"My beef is not with GAB -- GAB's beef is with the first amendment."
That's how One Wisconsin Now's Scot Ross put the fight over the Government Accountability Board's new rules on financial disclosure for political advertising.
According to Ross, the new rule, which is aimed at forcing third party political ads to disclose their financial backers, will result in a giant headache of paperwork for every email and press release he puts out.
Ross doesn't specify what ideal campaign finance regulations would look like, however, he believes the regulations have gone too far when they shut down what he considers "issue advocacy." Although virtually every statement the org releases attacks a Republican candidate for office, Ross says the criticisms are simply part of OWN's advocacy for liberal causes, such as tax reform and environmental protection.
The new rule expands the definition of "political activity" that can be regulated. In the past, only communications that expressly advocated the election or defeat of a candidate would be subject to GAB regulations. However, the new rule states that any communication that is "susceptible to no other reasonable interpretation other than as an appeal to vote for or against a candidate" is subject to disclosure rules.
Given the broad definition for "political activity," Ross believes the law will hurt groups who are traditionally non-political, such as the Wisconsin Democracy Campaign, the League of Women Voters and the NAACP. Will these groups be forbidden from mentioning any candidate for public office within 60 days of an election?
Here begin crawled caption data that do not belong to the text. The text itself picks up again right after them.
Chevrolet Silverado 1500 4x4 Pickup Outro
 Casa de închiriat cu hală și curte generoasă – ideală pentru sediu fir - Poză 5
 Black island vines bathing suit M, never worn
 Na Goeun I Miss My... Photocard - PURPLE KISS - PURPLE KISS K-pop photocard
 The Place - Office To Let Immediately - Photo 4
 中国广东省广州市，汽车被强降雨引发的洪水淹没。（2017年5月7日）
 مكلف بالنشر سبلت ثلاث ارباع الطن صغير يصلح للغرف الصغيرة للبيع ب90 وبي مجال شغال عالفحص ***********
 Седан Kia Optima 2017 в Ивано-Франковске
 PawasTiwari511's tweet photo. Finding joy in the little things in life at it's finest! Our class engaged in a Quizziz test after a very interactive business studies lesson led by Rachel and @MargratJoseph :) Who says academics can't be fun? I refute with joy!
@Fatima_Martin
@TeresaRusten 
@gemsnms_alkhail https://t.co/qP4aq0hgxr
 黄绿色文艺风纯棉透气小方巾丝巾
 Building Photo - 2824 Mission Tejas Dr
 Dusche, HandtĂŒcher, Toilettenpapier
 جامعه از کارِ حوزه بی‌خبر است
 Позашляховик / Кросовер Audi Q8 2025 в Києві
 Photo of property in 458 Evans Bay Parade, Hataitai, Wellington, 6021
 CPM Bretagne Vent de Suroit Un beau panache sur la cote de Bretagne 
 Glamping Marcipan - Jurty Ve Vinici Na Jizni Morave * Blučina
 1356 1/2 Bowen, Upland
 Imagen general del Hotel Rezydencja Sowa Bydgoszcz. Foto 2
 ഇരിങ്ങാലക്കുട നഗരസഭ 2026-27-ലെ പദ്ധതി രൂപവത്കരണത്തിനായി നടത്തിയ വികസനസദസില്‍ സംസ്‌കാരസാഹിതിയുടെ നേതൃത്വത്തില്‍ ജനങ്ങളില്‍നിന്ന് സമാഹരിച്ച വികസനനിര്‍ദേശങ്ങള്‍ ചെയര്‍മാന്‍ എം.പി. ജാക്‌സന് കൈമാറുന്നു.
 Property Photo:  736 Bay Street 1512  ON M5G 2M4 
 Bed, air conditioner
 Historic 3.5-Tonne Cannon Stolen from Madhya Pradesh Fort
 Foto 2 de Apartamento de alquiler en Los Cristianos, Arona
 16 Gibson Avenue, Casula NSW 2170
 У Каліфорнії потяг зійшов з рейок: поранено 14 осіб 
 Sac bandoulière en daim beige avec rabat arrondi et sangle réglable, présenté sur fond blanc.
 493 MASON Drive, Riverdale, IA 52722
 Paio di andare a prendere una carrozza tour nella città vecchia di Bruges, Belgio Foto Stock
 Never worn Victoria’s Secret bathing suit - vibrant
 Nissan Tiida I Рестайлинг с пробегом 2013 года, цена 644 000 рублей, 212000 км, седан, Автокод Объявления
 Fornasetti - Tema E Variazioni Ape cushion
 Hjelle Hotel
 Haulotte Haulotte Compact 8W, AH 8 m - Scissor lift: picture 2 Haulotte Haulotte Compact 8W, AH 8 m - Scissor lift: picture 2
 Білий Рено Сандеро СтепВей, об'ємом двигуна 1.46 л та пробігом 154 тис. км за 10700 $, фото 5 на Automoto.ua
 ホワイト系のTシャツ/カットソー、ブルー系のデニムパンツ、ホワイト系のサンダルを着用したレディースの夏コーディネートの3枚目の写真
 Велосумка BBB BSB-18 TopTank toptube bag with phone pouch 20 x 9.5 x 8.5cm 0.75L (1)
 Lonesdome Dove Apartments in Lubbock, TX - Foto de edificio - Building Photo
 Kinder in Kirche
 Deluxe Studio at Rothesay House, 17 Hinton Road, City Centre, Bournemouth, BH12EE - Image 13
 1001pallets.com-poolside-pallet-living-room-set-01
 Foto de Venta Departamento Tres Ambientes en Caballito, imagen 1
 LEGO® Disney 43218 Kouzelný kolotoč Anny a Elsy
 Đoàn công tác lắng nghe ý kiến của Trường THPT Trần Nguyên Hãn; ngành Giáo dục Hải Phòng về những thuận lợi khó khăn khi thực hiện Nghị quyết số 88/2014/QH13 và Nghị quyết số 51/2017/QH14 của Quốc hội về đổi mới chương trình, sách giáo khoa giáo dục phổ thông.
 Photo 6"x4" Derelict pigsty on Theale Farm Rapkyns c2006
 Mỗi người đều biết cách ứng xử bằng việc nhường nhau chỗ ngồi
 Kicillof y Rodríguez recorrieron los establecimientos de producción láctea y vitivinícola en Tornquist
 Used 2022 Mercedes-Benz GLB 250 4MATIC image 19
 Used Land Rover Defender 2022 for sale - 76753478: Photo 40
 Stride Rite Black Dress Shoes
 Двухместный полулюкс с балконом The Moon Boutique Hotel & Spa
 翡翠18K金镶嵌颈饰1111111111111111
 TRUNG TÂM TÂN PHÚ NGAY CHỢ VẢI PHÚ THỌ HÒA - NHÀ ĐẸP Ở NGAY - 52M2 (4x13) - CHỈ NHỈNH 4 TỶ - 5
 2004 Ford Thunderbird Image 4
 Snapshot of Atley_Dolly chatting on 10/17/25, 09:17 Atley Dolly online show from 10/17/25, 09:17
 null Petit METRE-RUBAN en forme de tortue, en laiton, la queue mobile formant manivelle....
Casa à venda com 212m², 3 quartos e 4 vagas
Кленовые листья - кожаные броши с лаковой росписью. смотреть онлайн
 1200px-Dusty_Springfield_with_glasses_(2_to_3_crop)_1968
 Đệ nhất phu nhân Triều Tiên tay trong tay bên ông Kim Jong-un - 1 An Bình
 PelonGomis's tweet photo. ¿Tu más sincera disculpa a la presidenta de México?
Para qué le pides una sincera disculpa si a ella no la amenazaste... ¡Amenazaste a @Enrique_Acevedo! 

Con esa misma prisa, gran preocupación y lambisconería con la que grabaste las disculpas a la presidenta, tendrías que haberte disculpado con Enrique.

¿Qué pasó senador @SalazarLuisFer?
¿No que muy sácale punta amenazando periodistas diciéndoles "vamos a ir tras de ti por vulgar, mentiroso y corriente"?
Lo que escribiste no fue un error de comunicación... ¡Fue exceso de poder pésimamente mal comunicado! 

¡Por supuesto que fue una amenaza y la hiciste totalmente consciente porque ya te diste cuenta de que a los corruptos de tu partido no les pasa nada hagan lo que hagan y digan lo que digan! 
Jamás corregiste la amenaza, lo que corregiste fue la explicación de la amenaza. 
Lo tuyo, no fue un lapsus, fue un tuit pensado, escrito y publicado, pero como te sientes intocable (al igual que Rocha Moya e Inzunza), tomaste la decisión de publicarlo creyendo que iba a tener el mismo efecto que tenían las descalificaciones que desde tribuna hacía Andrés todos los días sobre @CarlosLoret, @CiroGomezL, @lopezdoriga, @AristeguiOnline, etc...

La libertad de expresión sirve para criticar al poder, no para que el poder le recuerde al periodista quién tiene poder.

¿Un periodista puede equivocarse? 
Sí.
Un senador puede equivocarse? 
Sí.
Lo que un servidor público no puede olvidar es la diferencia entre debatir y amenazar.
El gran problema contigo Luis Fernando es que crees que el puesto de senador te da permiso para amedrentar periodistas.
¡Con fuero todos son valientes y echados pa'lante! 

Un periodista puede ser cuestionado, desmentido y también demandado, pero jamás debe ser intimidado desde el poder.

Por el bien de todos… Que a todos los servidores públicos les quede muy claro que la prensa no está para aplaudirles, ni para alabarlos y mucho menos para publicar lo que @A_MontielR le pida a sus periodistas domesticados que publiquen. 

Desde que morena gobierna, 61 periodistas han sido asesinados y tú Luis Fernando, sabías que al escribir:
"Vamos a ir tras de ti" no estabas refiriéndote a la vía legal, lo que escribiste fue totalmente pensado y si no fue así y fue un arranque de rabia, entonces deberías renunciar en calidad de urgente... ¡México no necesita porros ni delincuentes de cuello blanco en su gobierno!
That is not the impression the head of the Democracy Campaign, Mike McCabe, has of the new rule. He's a big fan and has called the lawsuit OWN filed with the Club for Growth "frivolous." In a blog post, McCabe alleged that OWN and the Club were distorting the issue to hide their real motives for being against financial disclosure:
Never mind that the rules don't prevent them from airing any ad or otherwise spreading any message, but rather just require them to disclose how much they are spending and who's paying for it. They know that being for free speech is better than standing for secrecy, so they are relentlessly spinning this as a First Amendment case.
Special interests that want to own our government know that if the electorate is made fully aware of who they are and where their money comes from, voters will be much less likely to buy what these groups are selling.
Apparently McCabe is out to lunch (literally, not figuratively) so I didn't get to talk to him for the post. I hope to talk to him soon.